Canbey, son yıllarda hem küresel hem bölgesel gelişmelerin, aktif bir dış politika izlemenin önemini gösterdiğini ifade etti.
"Avrupa bile artık Türkiye'ye kulak kabartmak zorunda kaldı"
Türkiye'nin dünyadaki meselelere bütüncül bir anlayışla baktığının altını çizen Canbey, "Artık Türkiye sadece kendi bölgesiyle ilgilenen değil; dünyadaki bütün gelişmelere kulak kabartan ve dünyanın huzuru ve barışı için mücadele eden bir ülke konumuna geldi. Bizi yıllarca kapısında bekleten Avrupa bile artık Türkiye'ye kulak kabartmak zorunda kaldı." değerlendirmesinde bulundu.
Canbey, Türkiye'nin güçlenmesinin, yeni dış temsilcilikler açmasının ve dünya barışına katkı sağlamasının önemine işaret ederek, Cumhurbaşkanı Recep Tayyip Erdoğan'ın "Dünya, 5'ten büyüktür" vizyonuna işaret etti.
"Kanun teklifini 100'ü aşkın milletvekilimizle TBMM Başkanlığına sunduk"
Türkiye'nin diplomatik ağını güçlendirmesi ve Dışişleri Bakanlığının çalışmalarını daha aktif hale getirebilmesi için birtakım ihtiyaçların hasıl olduğunu aktaran Canbey, "Teşkilatın faaliyetlerinin güçlendirilmesi, personelinin temsil kabiliyeti yüksek ve donanımlı yetiştirilmesi, desteklenmesi ve kanun kapsamında verilen faaliyetlerin icrası amacıyla merkezi Ankara'da olan Dışişleri Teşkilatı Güçlendirme Vakfının kurulmasına ilişkin kanun teklifini 100'ü aşkın milletvekilimizle TBMM Başkanlığına sunmuş bulunuyoruz." diye konuştu.
Vakfın çalışmalarını Türkiye'nin diplomatik anlamda daha aktif hale gelebilmesi, Dışişleri Bakanlığı personelinin kendini daha iyi yetiştirebilmesi için sürdüreceğini anlatan Canbey şöyle devam etti:
"Bunun yurt dışında örnekleri var; ABD'de Una Chapman Cox Foundation isimli bir kuruluş var. Bu kurum, ABD Dışişleri Bakanlığının kurumsal kapasitesinin artırılmasıyla Dışişleri personelinin eğitimiyle ilgili çalışmalar yapıyor. Özellikle ABD'de altı çizilmesi gereken mesele bunun kurumsallaştırılmış olması ve ABD Dışişleri Bakanlığına önemli kazanımlar sağlaması. Biz de bu vakfı kurarak önümüzdeki dönemde dünyadaki son gelişmelerle daha fazla rekabet edebilmek, daha hızlı ve aktif hareket edebilmek amacıyla bu çalışmayı yapmayı planlıyoruz. Bu vakfın yurt içi örnekleri de var; TSK Güçlendirme Vakfı, Adalet Teşkilatını Güçlendirme Vakfı, Türk Polis Teşkilatını Güçlendirme Vakfı."
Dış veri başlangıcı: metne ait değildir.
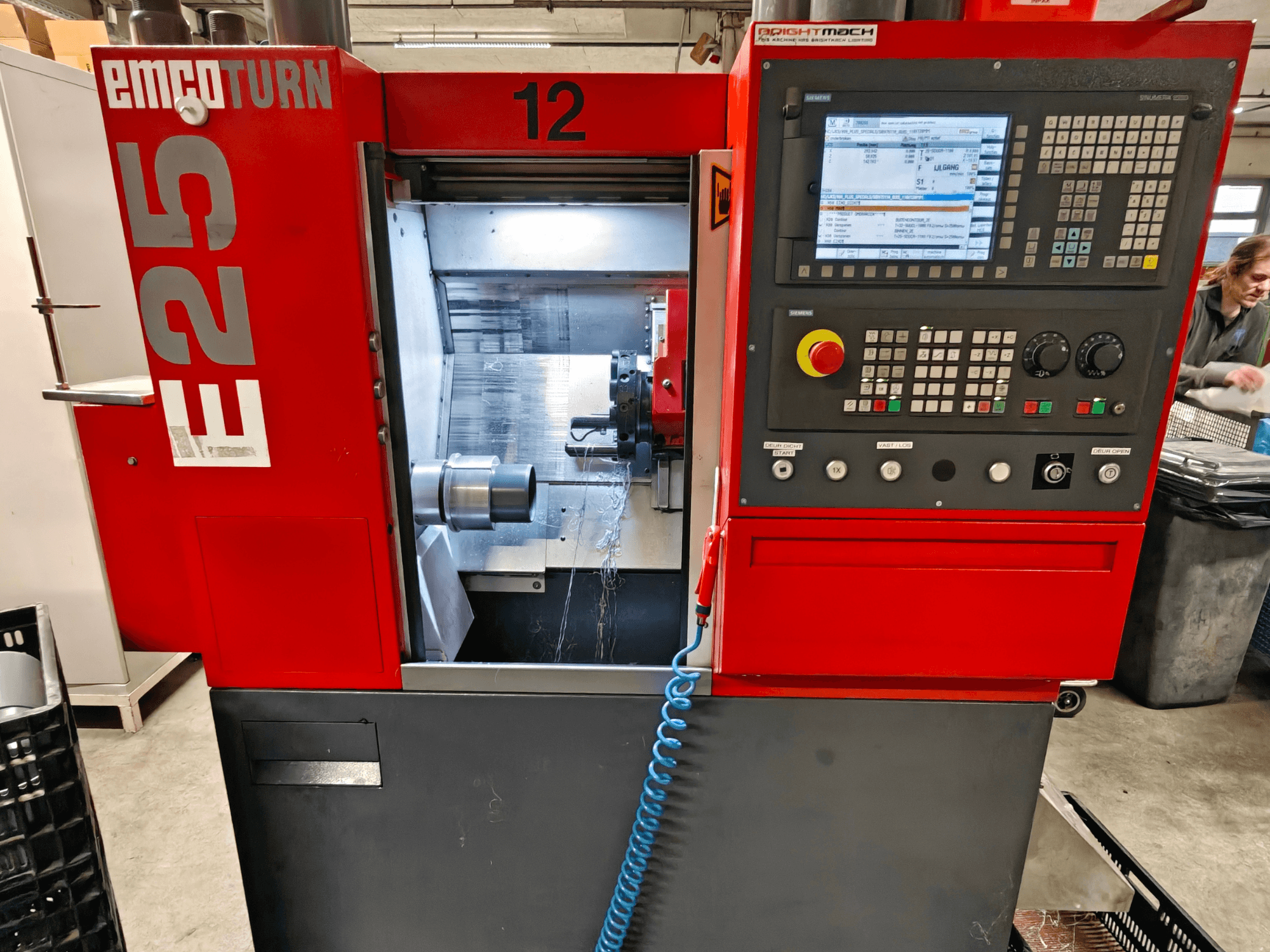EMCO TURN E25 machine front view, featuring control panel, tool holder, and interior area with cutting tool visible.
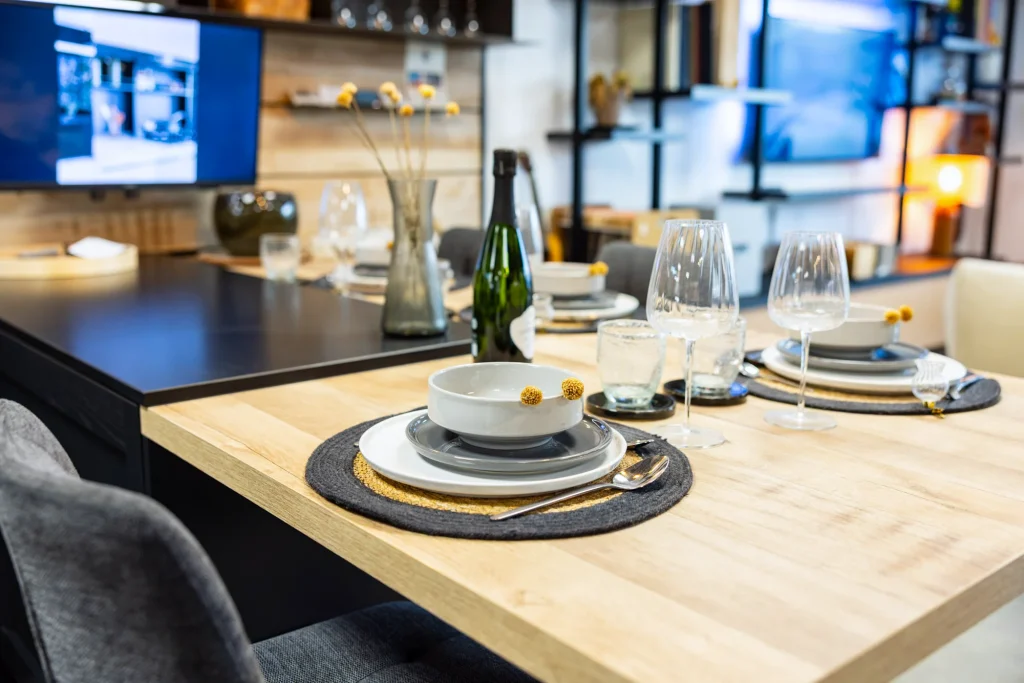 Table en bois dressée avec assiettes, verres à pied et set de table, cuisine noire en fond au showroom MT Cuisine de Portet-sur-Garonne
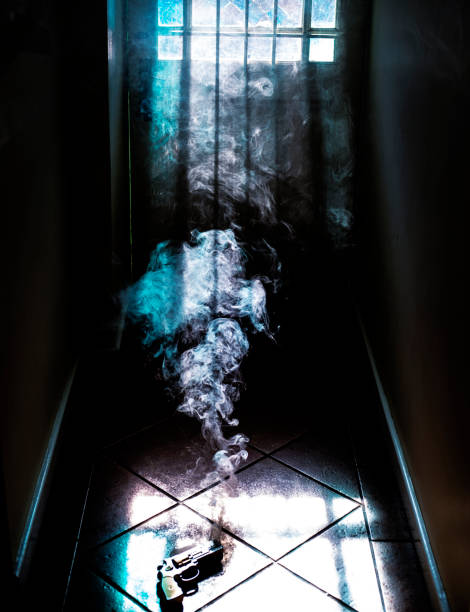 istock Smoking gun on the foor 1064477696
"Kanun teklifi, çarşamba günü Plan ve Bütçe Komisyonunda görüşülecek"
Gelecek dönemde diplomasinin güçlendirilmesine dönük olarak bir akademi kurulmasının da teklifin önemli amaçlarından biri olduğunun altını çizen Canbey, hem insan kaynağının çeşitlendirilmesi hem de güçlendirilmesi noktasında çok önemli çalışmalar yapılacağını söyledi.
Türkiye'de çok kaliteli üniversiteler olduğunu kaydeden Canbey, sözlerini şöyle sürdürdü:
"Diplomatlarımızın yetişmesiyle alakalı çok önemli çalışmalar yapıyorlar. Üniversite sonrasında yüksek lisans ve doktora aşamasında Diplomasi Akademisi mahiyetinde bir çalışma yapılmış olacak. Diplomatlarımızın akademik donanımlarının geliştirilmesi, yabancı etkilerden uzak, yerli ve milli nitelikli akademik eğitim sağlanması, bu kapsamda master ve doktora çalışmaları yapılması ve uluslararası ilişkiler alanında ülkemizin bakış açısını yansıtan referans yayınların geliştirilmesi ve çoğaltılması amaçlanıyor.
Ülkemizde lisans eğitiminin ardından bu alanda çalışacak olan insan kaynağı, Diplomasi Akademisi vasıtasıyla kendilerini geliştirmeleri, dil eğitimi almaları, akademik olarak kapasitelerini daha yukarı çekebilmeleri noktasında desteklenecek. Sonrasında da ülkemize hizmet noktasına gelmiş olacaklar."
Canbey, kanun teklifinin gelecek hafta çarşamba günü ana komisyon olarak Plan ve Bütçe Komisyonunda görüşüleceğini, Dışişleri Komisyonunda da tali komisyon olarak ele alınacağını, sonrasında da Genel Kurula geleceğini anlattı.